2023-10-12 01:44:07 ET
Summary
- Howard Marks discusses the importance of understanding market cycles and how they impact investment decisions.
- Oaktree Specialty Lending is an 11% dividend-yielding fund that emphasizes the significance of increasing credit spreads as an indicator of future profitability.
- OCSL saw yields well above the current 11% yield in the last GFC with an elevated share price to boot.
- Another recession could see both improved yields and capital appreciation from this fund.

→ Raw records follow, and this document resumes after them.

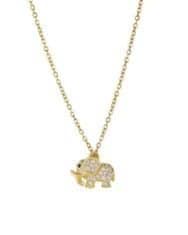 Elephant Pattern Studded Pendant Necklace - Image 5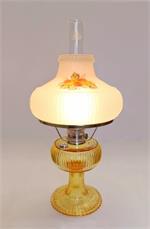 Model #100023034 features hand-painted Chrysanthemum floral design in autumn shades of orange, amber, honey, rust, tans, browns, and greens on a frosted glass Grand Vertique shade. The lamp is accented with Nickel plated brass hardware and comes with a Ma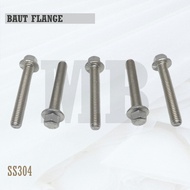 Flange Bolt M6X12 6X12 Cap Bolt/ M6 X 12/ 6 X 12 Stainless SS304/ SUS304/ A2-70/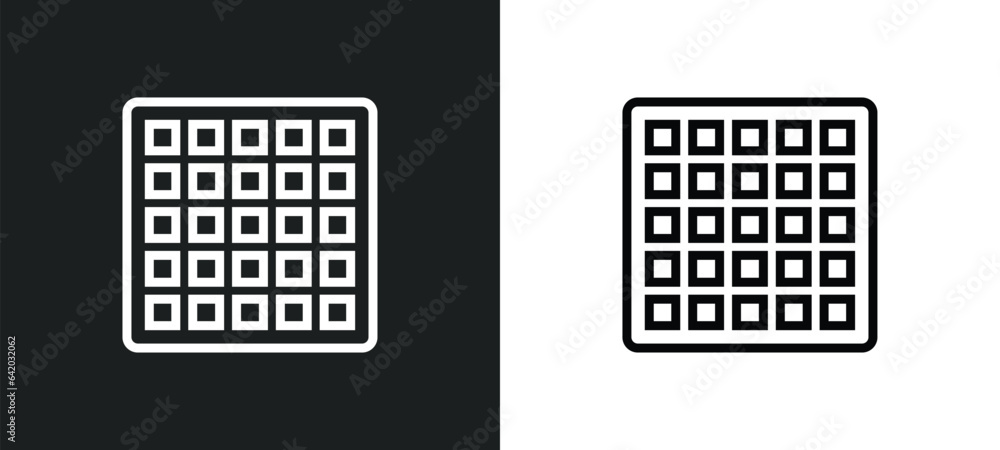 Poster chess board icon isolated in white and black colors. chess board outline vector icon from hobbies co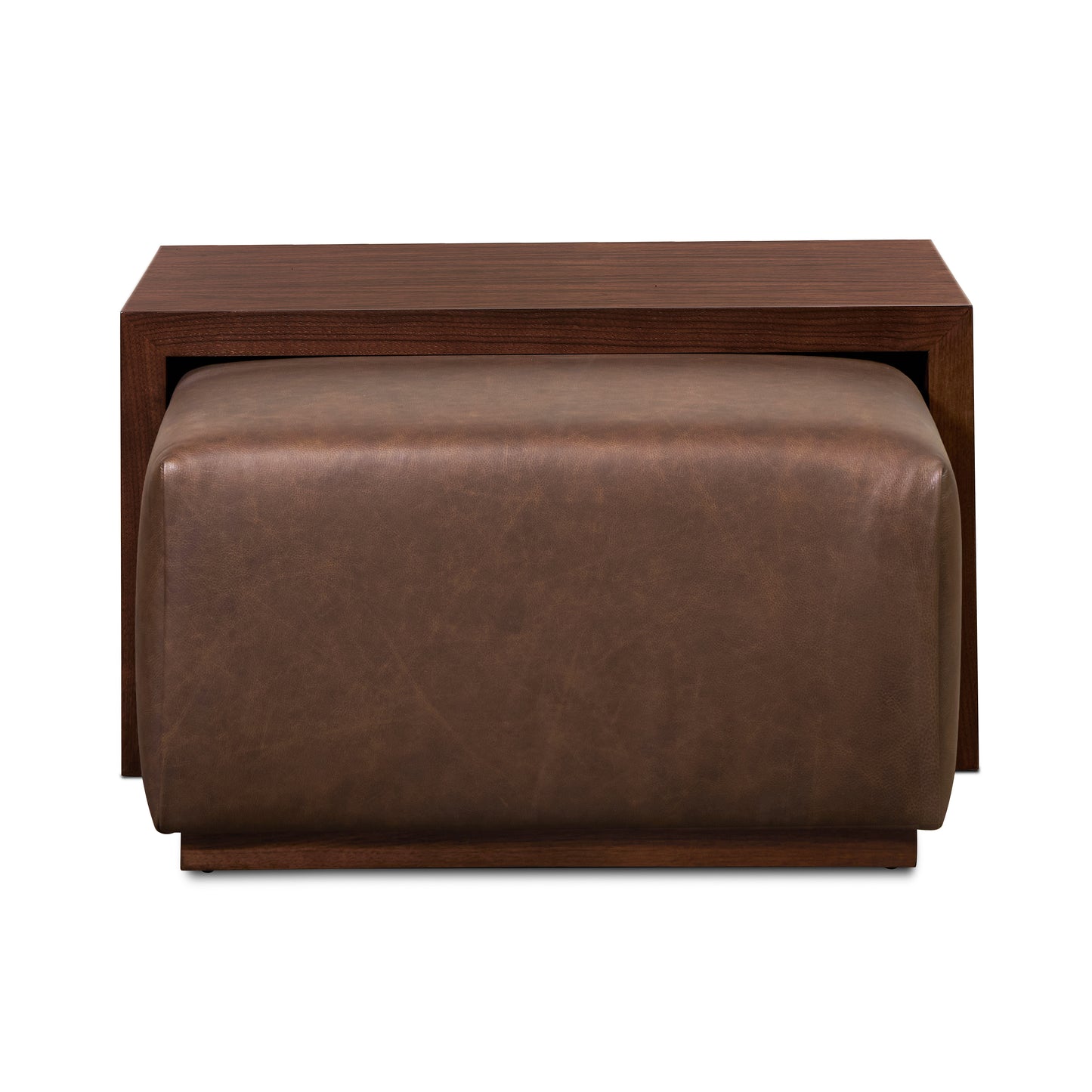 Jarmo Leather Ottoman with Walnut Table | Bridle Brown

Mastering The Market Cycle With Howard Marks
An excellent book covering the market cycle of specialty credit is Howard Marks' Mastering the Market Cycle . In the book he details the specific situations under which specialty lenders can take advantage of times when the credit window "begins to shut" and capital becomes more difficult to come by. The Oaktree Specialty Lending Corporation (OCSL) is a $3.2 Billion fund set up to take advantage of the pain that a difficult lending environment presents. The aforementioned book details the simple mantra of the company when looking at distressed debt, "good company, bad balance sheet".
In essence, Oaktree and Howard Marks expect profitability to be at its maxim in times of high interest rates and economic turmoil. When borrowing is easy, or as Marks says the "window is wide open", the fund is not as profitable. If Mark's profitability in the last credit tightening cycle is an indicator of future opportunities, this could be an excellent entry point before general business loans become more difficult to attain.
Yield history
Here we can see the record of the yield versus history. A large run-up in yield occurred in the GFC of 2008-2012. Marks, along with Michael Burry, Steve Eisman, and Jamie Mai are all well-noted profiteers of the huge housing crisis that led to a credit tightening cycle the like of which had not been seen for decades. At this point, not only did the yield of this closed-end fund spike but so did the share price:
As seen from the above, this fund is at its most profitable, and valuable in times of pain. Mastering The Market Cycle does a great job of detailing the theorem behind the profitability with an excellent analogy to the credit window.
Credit spreads as the window shuts
My summation of what Marks describes as the credit cycle in a nutshell:
The credit window can be seen as being wide open during times of low-interest rates, low capital reserve requirements, and economic boom cycles in which see capital appreciation of both paper and physical assets. Lenders are eager to close as many loans as possible. Appraisals always come in for what the lender needs to clear and close the loan. They fear not for capital loss since there is ample credit available to refinance should a borrower need to use outside capital to repay the borrowed capital. As asset prices inflate, there is no fear that the borrowers will be underwater and unable to repay or refinance.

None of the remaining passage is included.